## Dataset content
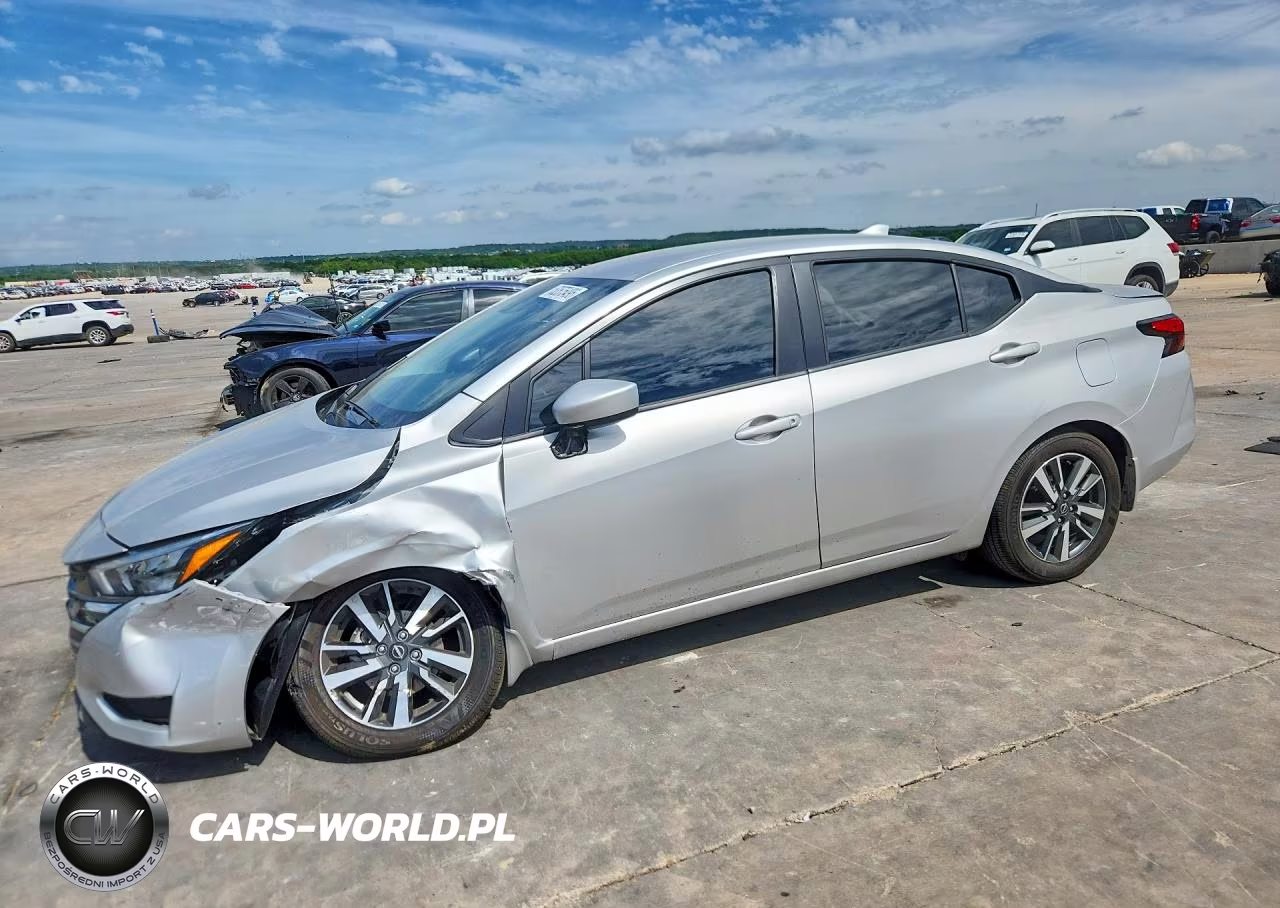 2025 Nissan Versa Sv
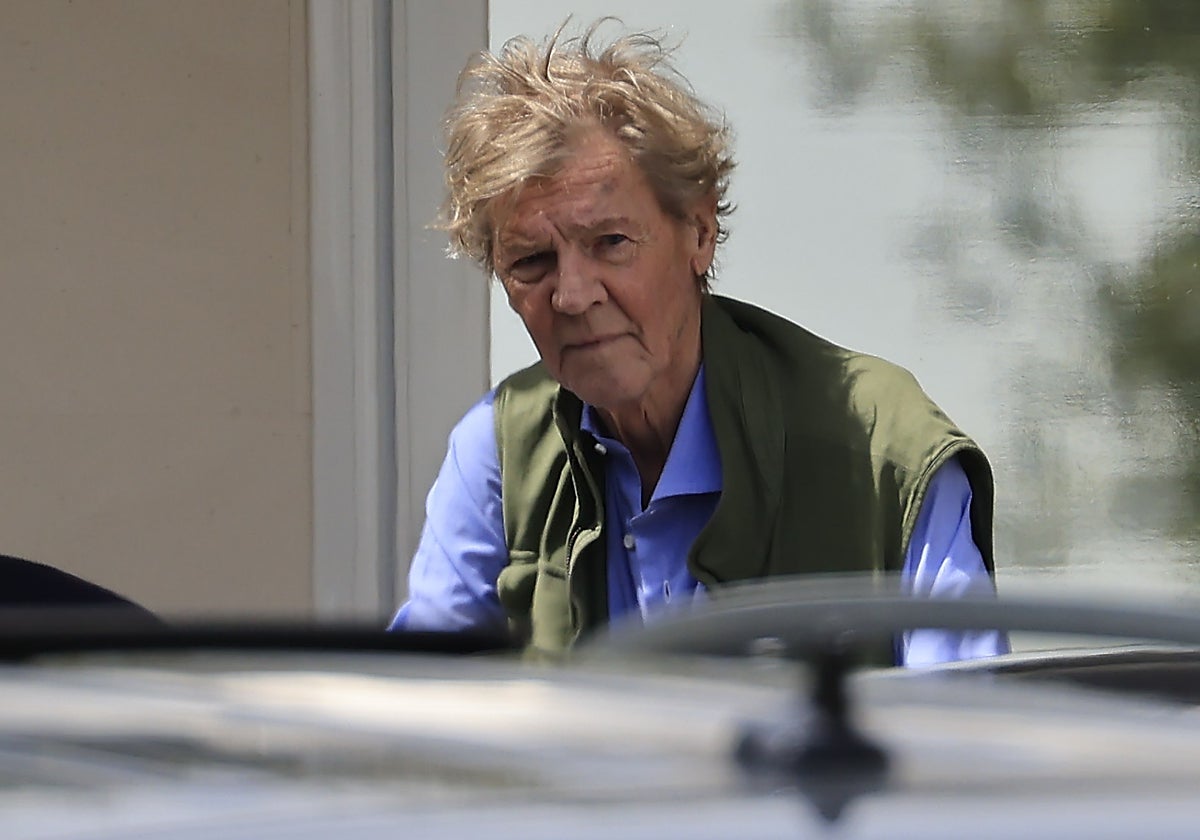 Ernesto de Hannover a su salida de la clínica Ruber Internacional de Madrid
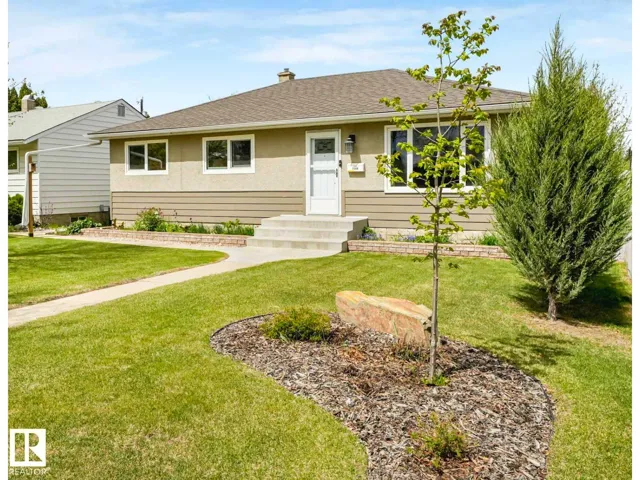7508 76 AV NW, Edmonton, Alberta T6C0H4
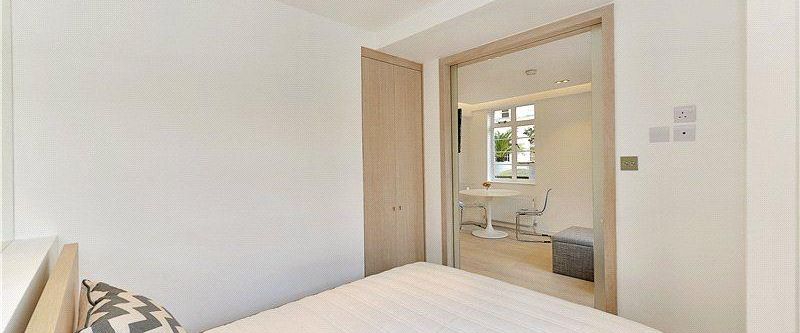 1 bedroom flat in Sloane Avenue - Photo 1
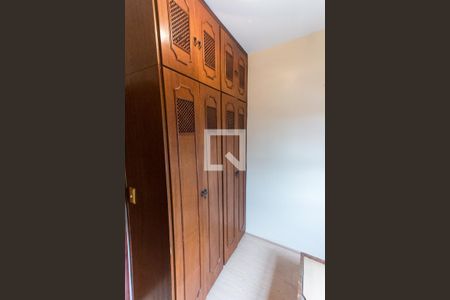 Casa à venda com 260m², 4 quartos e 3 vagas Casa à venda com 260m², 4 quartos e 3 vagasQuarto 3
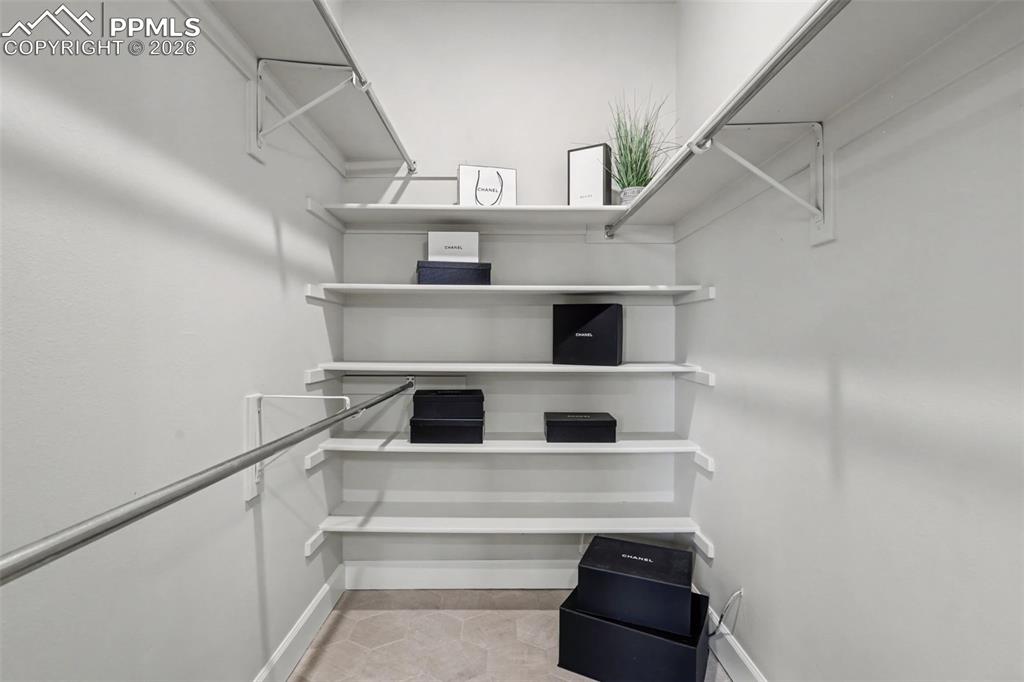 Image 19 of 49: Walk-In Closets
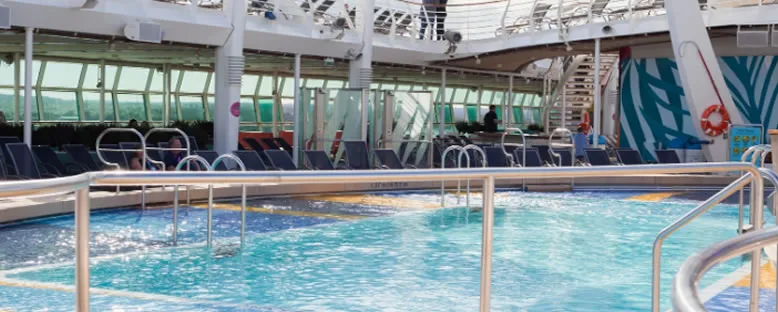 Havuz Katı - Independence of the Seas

## What you are asked to do
Copying starts at the line containing "7508 76 AV NW, Edmonton, Alberta T6C0H4" and ends at the last line of the material above; repeat only those lines exactly and omit the pictures.

## Reply
7508 76 AV NW, Edmonton, Alberta T6C0H4
 1 bedroom flat in Sloane Avenue - Photo 1
 Casa à venda com 260m², 4 quartos e 3 vagas Casa à venda com 260m², 4 quartos e 3 vagasQuarto 3
 Image 19 of 49: Walk-In Closets
 Havuz Katı - Independence of the Seas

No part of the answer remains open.